As I slide the transmission into park, I look at my home again, admiring the newly painted shutters and the front porch swing I put up a few days ago. The flowers across the sweeping expanse of the wrap-around porch look a little parched. I’ll need to give them a good watering to save them from the sweltering Tennessee August heat.
Opening the door of my Camry, I stretch to get out the kinks of a twelve-hour shift plus an hour-long drive from Johnson City. Then I rub my belly, scratching the stretching skin that has started to itch since I turned twenty-three weeks yesterday.
“Alright, baby boy,” I say to my expanding stomach. “Let’s be brave and see if the postman’s given us some good news.”
As if in response, Little Ryland, or maybe Little Ryker—we haven’t completely decided on a name yet—gives me a little kick. ‘Come on, Mom,’ the kick seems to say.
“Okay, okay,” I tell him and push against the skin where I felt the movement, hoping he’d kick me again. I’d just really started to feel him move, more than the initial butterfly flutters. It never gets old. Feeling the life inside me, imagining what he’s doing. That’s the awesome part of being pregnant and I still have many weeks to enjoy this little guy.
But he’s still now. It was like he’d done his duty to make his mom stop being a wuss and had gone back to sleep again.
Taking a deep breath, I walk over to the mailbox and stick out my hand to pull the front down.
“Hey, Grace!” I jump, turn around and see my neighbor and best friend waving from her porch across the road. Behind her, the front door slams open and two little towheaded three-year-olds come bursting out, a big Bernese Mountain Dog on their heels.
“Auntie Grace! Auntie Grace!” they yell and I notice one of them holding something in his little hands. “Come look at our turtle.”
I look back at the mailbox, give it a little frown and then head over to the gate of their pristine white picket fence.
“A turtle?” I say with as much enthusiasm as my tired body can muster. “Is it a girl turtle or a boy turtle?” I ask as I pet Bernice the Bernese on her pretty head.
The twins look from me to the turtle, then back at me. Jayden flips the little box turtle over and Hayden pulls on its tail. I laugh. It’s clear the boys stay at their grandparent’s farm three days a week while Natalie cuts hair at the beauty salon down on Main Street. “How can we tell?” Hayden asks, looking at the turtle’s butt very closely.

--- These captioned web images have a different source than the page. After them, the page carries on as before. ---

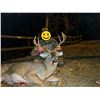 Image 4 : BIG GAME HARVESTED ON THE FARM IMAGES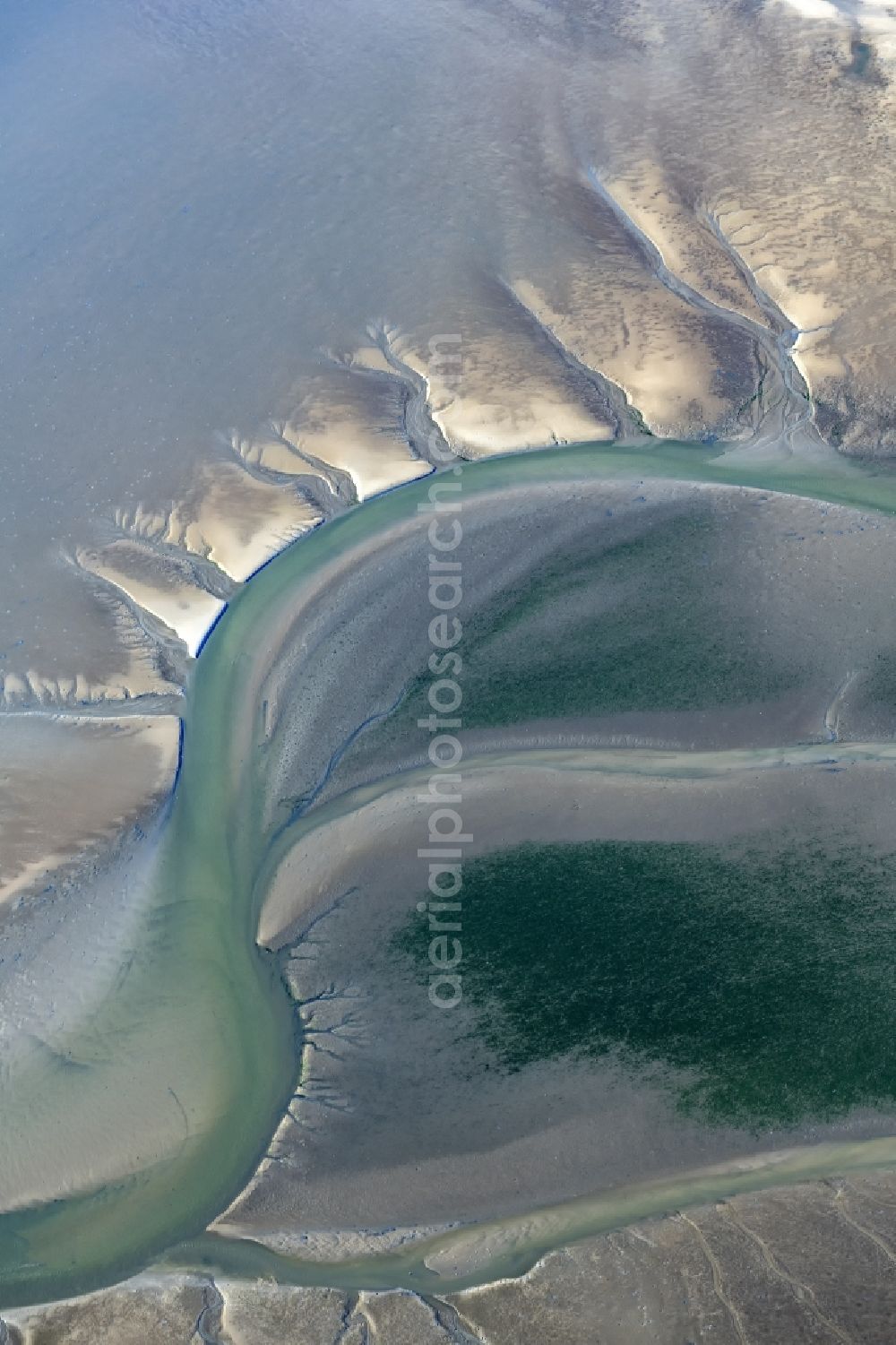 Aerial photograph Cuxhaven - Wadden Sea of North Sea Coast near Cuxhaven in the state Lower Saxony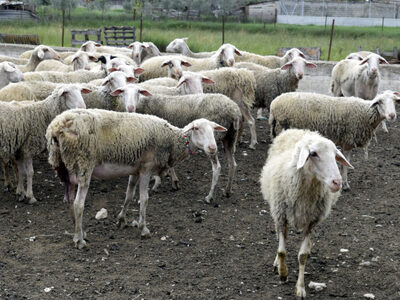 Δυτική Αχαΐα- Ευλογιά: Μετέφερε 150 αιγο...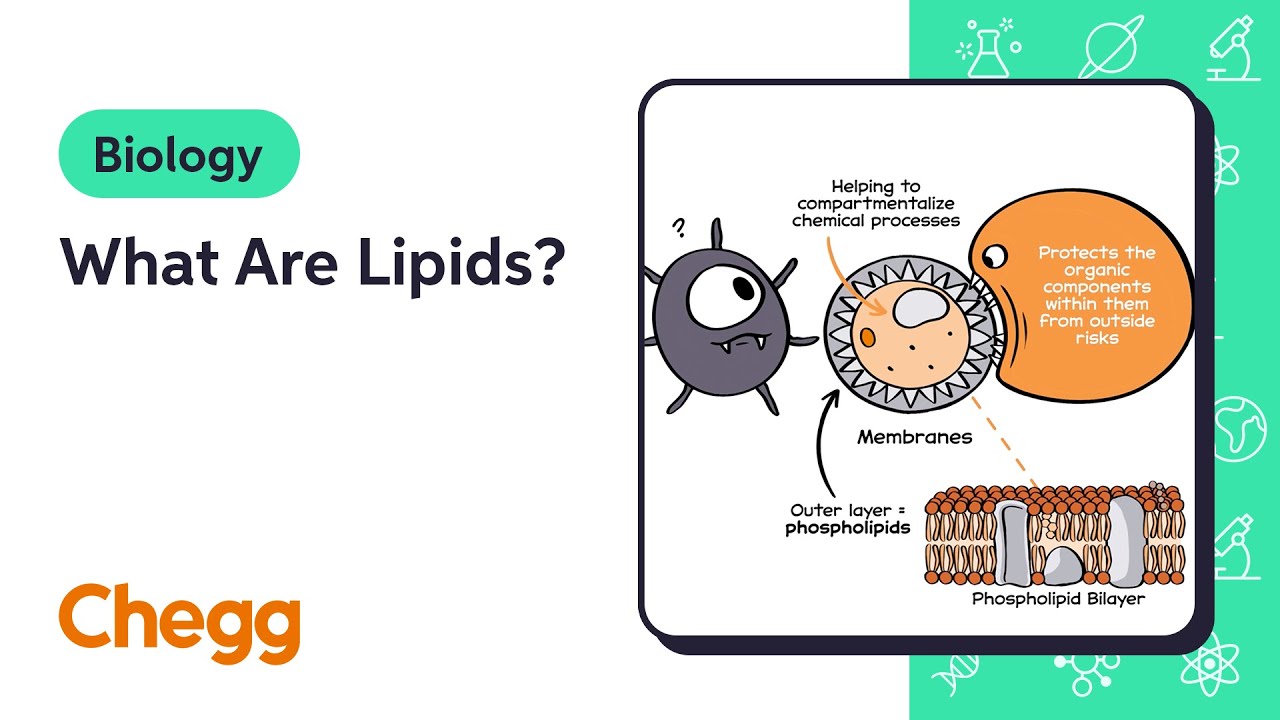 What Are Lipids? | Biology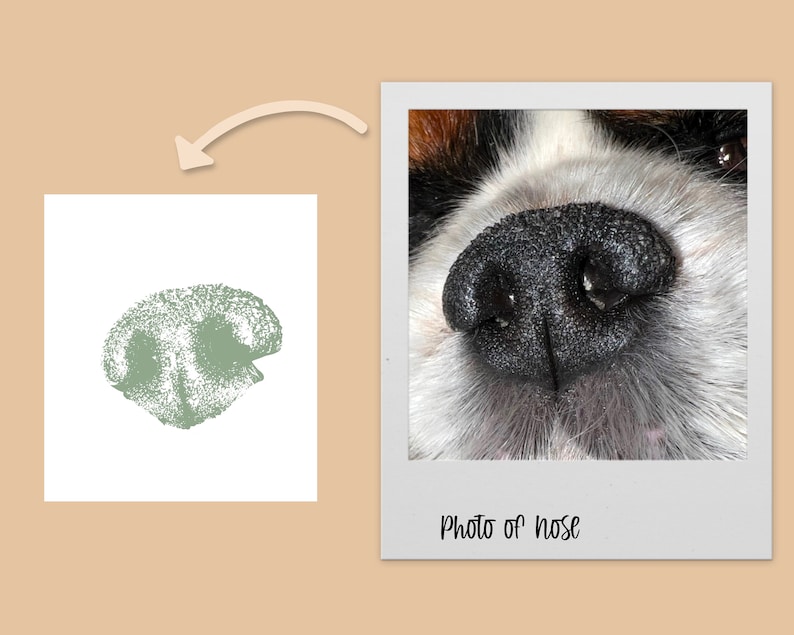 Custom nose print pet loss print, pet loss gift, pet adoption gift, memorial gift, sentimental gift, pet wall decor, dog mom, paw print image 3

“I’m not sure, Hay,” I tell him, reaching for the turtle to pretend I’m giving it a good look, but actually saving it from any poking or prodding.
“I thought nurses were supposed to know everything,” he said, although the words came out “I tho no-ses pos ta know evewythin.” His little lisp and country accent gang up on my ability to decipher his words.
“Well, I’m a people nurse. Not a turtle nurse. We might need a turtle nurse to answer that question.” Then, to change the subject quickly, before I’m thrown a dozen questions about how and where to find a turtle nurse, I ask, “What did ya’ll name him?”
“Thomas the Turtle!” they yell at the same time.
“Well, why am I not surprised,” I say and poke both boys on their Thomas the Tank Engine covered tummies. They are freaks about anything Thomas.
“Come in out of that heat, prego,” Natalie yells. “It’s hotter than blue blazes. Boys, let Auntie Gracey rest a bit. You all go on and play on the swing set. Just don’t let Bernice get hold of Thomas. She’ll chew him like a bone.”
The boys and dog jump up and down and the turtle retreats into the safety of its shell. Smart turtle. Then they’re off. Full speed everywhere they go. I give a mental ‘oops’ when Jayden falls. But he just rolls and is back on his feet in an instant, speeding to catch up with his brother.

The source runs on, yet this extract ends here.